Renklerini unutan zamanlar

Öfke yorgunluğu…

Son yılların en görünmez, en derin yaralarından biri. Her gün kötü haberlere maruz kalıyoruz. Adına ister “hayatın doğal akışı” deyin, ister “kolektif bilinç uyarı veriyor” deyin… Sonuç aynı: Hiçbirimizin tam olarak güvende hissetmediği, her an bir şey olacakmış gibi tetikte yaşadığı bir atmosfere sıkışıyoruz.

Sanki toplumun tamamının üzerine bir “hayatta kalma modu” yüklenmiş ve bir türlü kapatılamıyor. Uzun süre bu modda kalmanın bedeli ise sandığımızdan ağır: iç dünyamız yorgun düşüyor, düşünce kanallarımız daralıyor, hayaller bile “şimdi sırası değil” diye rafa kaldırılıyor. Ve ne yazık ki bu sınırlı düşünme halini fark etmeden çocuklarımıza, etrafımıza da öğretiyoruz.

Stresin uzun vadede yaptığı tam olarak bu:

Beyin ya savaşmaya kilitleniyor ya kaçmaya… üçüncü bir ihtimal olan sağlıklı değerlendirme neredeyse devre dışı kalıyor. Haberlerle ilişkimiz bile değişiyor. Bir görüntü mü manipülasyon, yoksa gerçeklik mi? Daha önemlisi: Biz gerçeğin neresindeyiz?

Kapanıyoruz.

Kabuğumuza çekiliyor, farklı sesleri tehdit gibi algılıyoruz. Herkes birbirine benzemeye başlıyor. Kimi zaman korkudan, kimi zaman yorgunluktan… Toplum iki renge sıkışıyor: siyah ve beyaz. Oysa diğer tüm renklerin es geçtiği bir dünyada, düşünce paleti sağlıklı kalabilir mi?

Kutuplaşmanın en tehlikeli yanı tam da burada:

Renklerin olmadığı yerde, insan kendi rengini bile taşıyamaz.

Oysa biz…

Tüm kırgınlığımıza, öfke yorgunluğumuza rağmen hâlâ bir renge sahibiz.
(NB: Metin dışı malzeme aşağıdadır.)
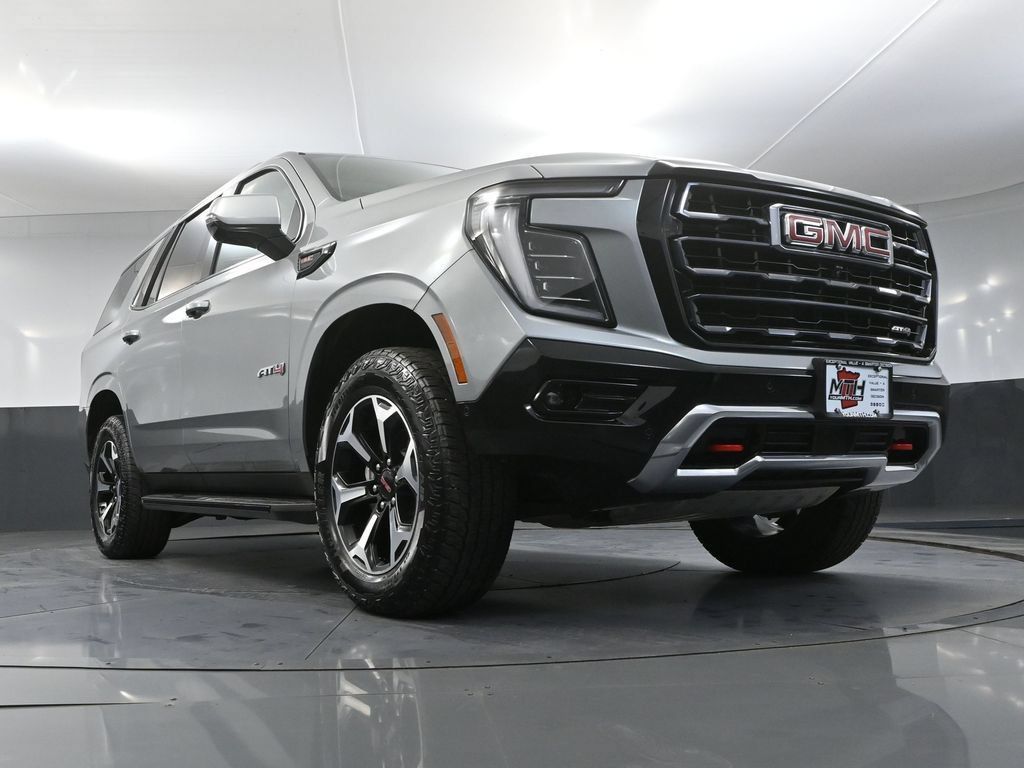 Used 2025 GMC Yukon AT4 AWD/4WD image 56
Herkesin kendi hikâyesinden süzülen, iç dünyasının derinlerinden gelen bir renk. Belki unuttuk, belki gömmeye mecbur kaldık. Ama silinmedi; sadece biriken gürültünün altında kaldı.

Bugün belki en çok buna ihtiyacımız var:

O gürültünün içinden kendi rengimizi çekip çıkarmaya…

Bireyselliği tehdit değil, zenginlik olarak görmeye…

Gerçeklik ile manipülasyon arasındaki sisin içinden kendi sezgimizi yeniden duymaya…

Çünkü başka bir ihtimal daha var:

Renklerini unutan bu zamanları, kendi rengimizi hatırlayarak aşmak.

Ve belki de asıl dayanıklılık, buna rağmen ayakta kalabilmekte.